Problem requirements
Please print nothing but the lines from the one containing "Khuôn Làm Nến" to the final line below, exactly, and no pictures.

Information provided
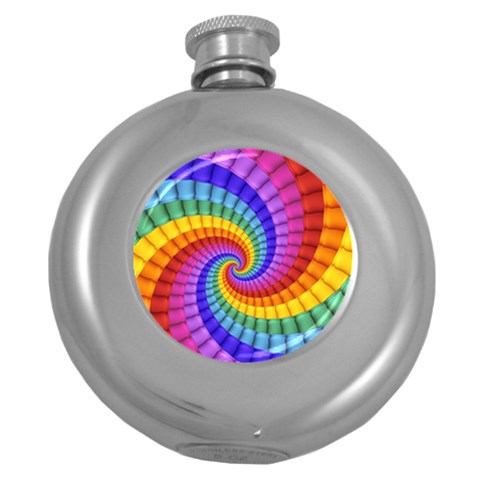 Psychedelic Rainbow Spiral Hip Flask (5 oz) from ArtsNow.com Front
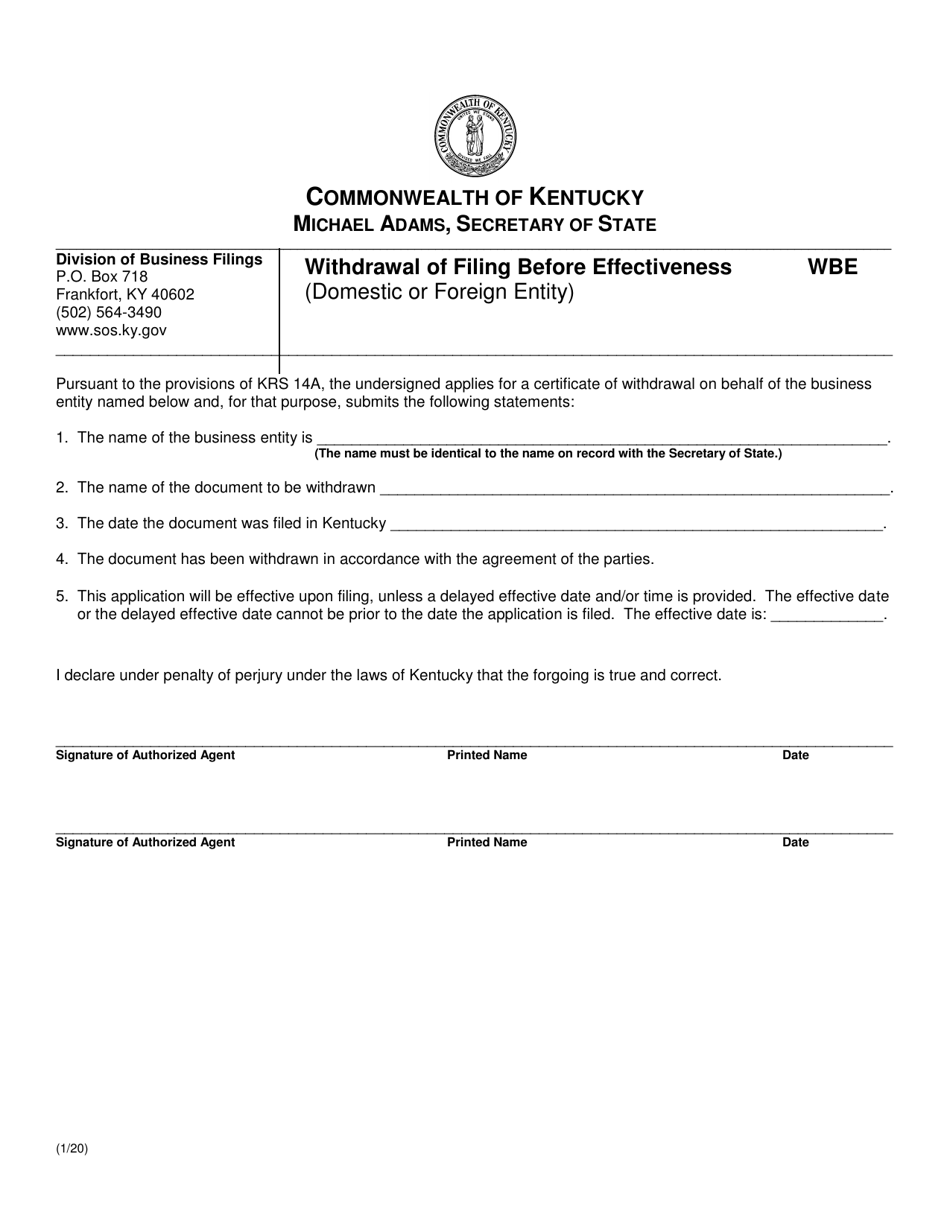 Withdrawal of Filing Before Effectiveness (Domestic or Foreign Entity) - Kentucky, Page 1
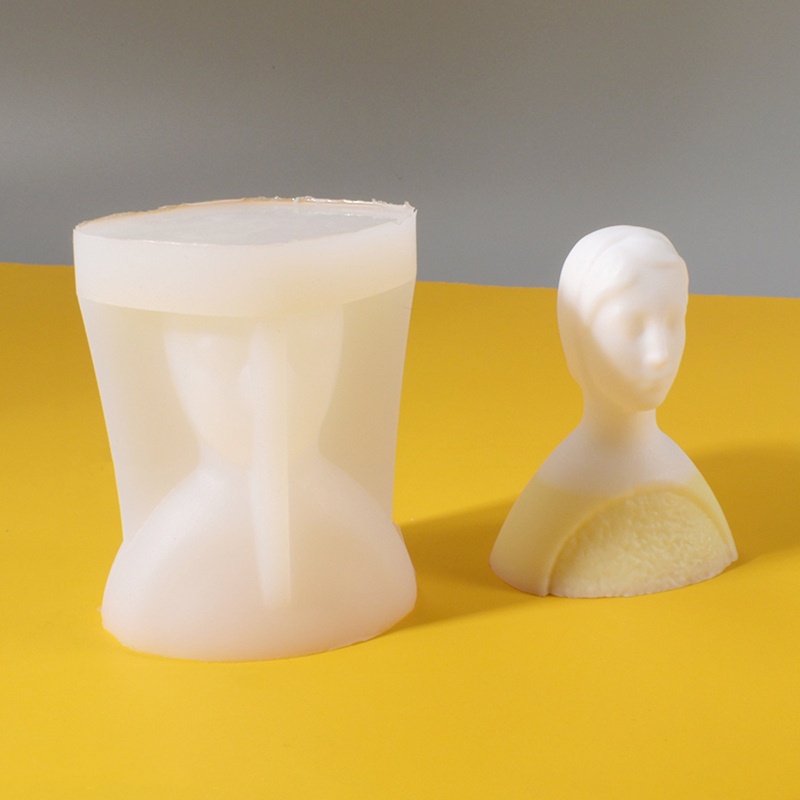Khuôn Làm Nến / Xà Phòng Hình Mặt Người 3D Bằng Silicone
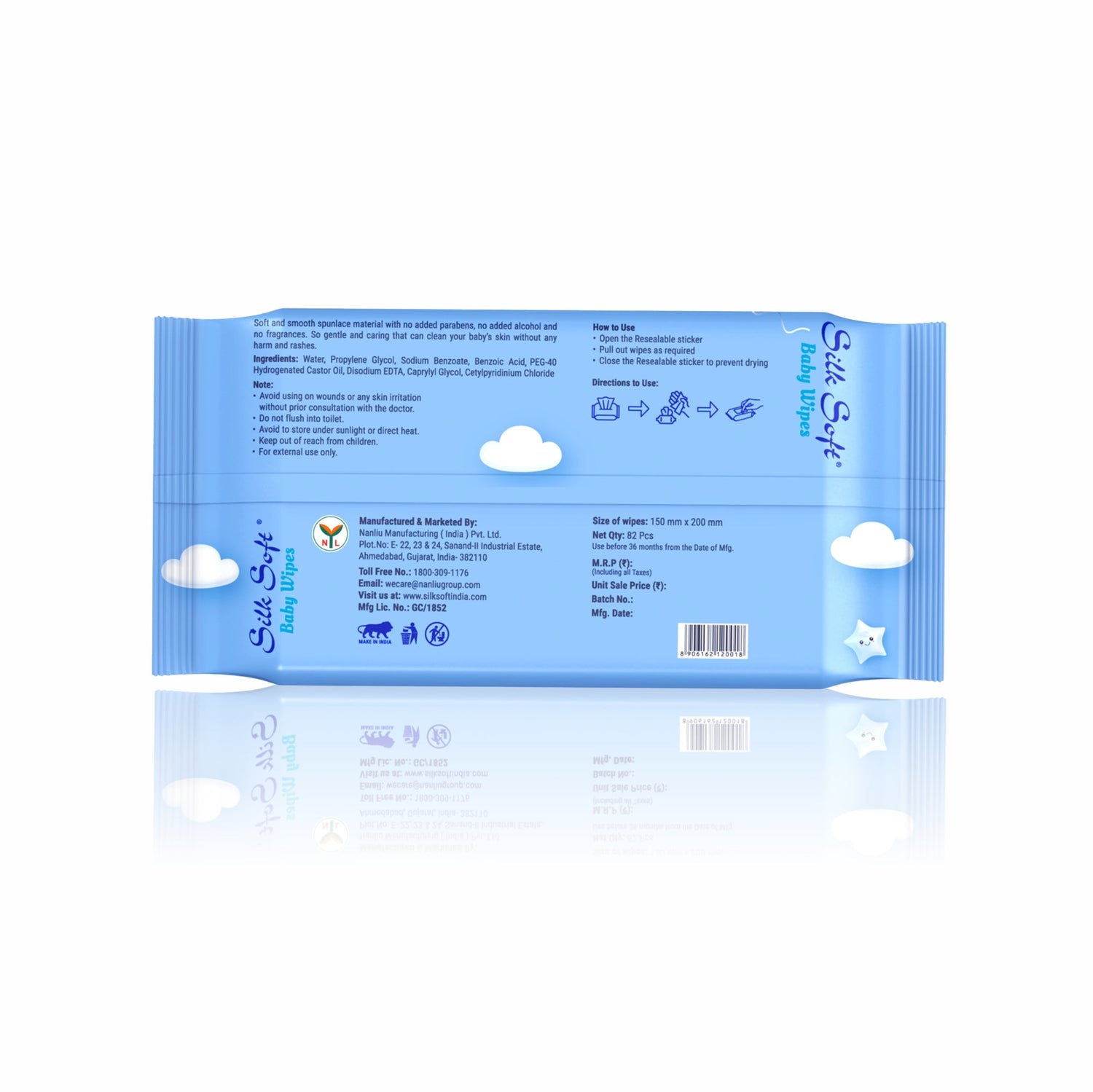 Silk Soft Baby Wet  Wipes Without Lid (82 Pcs) (Buy 3 & Get 3 Free) silksoftindia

Expected answer
Khuôn Làm Nến / Xà Phòng Hình Mặt Người 3D Bằng Silicone
 Silk Soft Baby Wet  Wipes Without Lid (82 Pcs) (Buy 3 & Get 3 Free) silksoftindia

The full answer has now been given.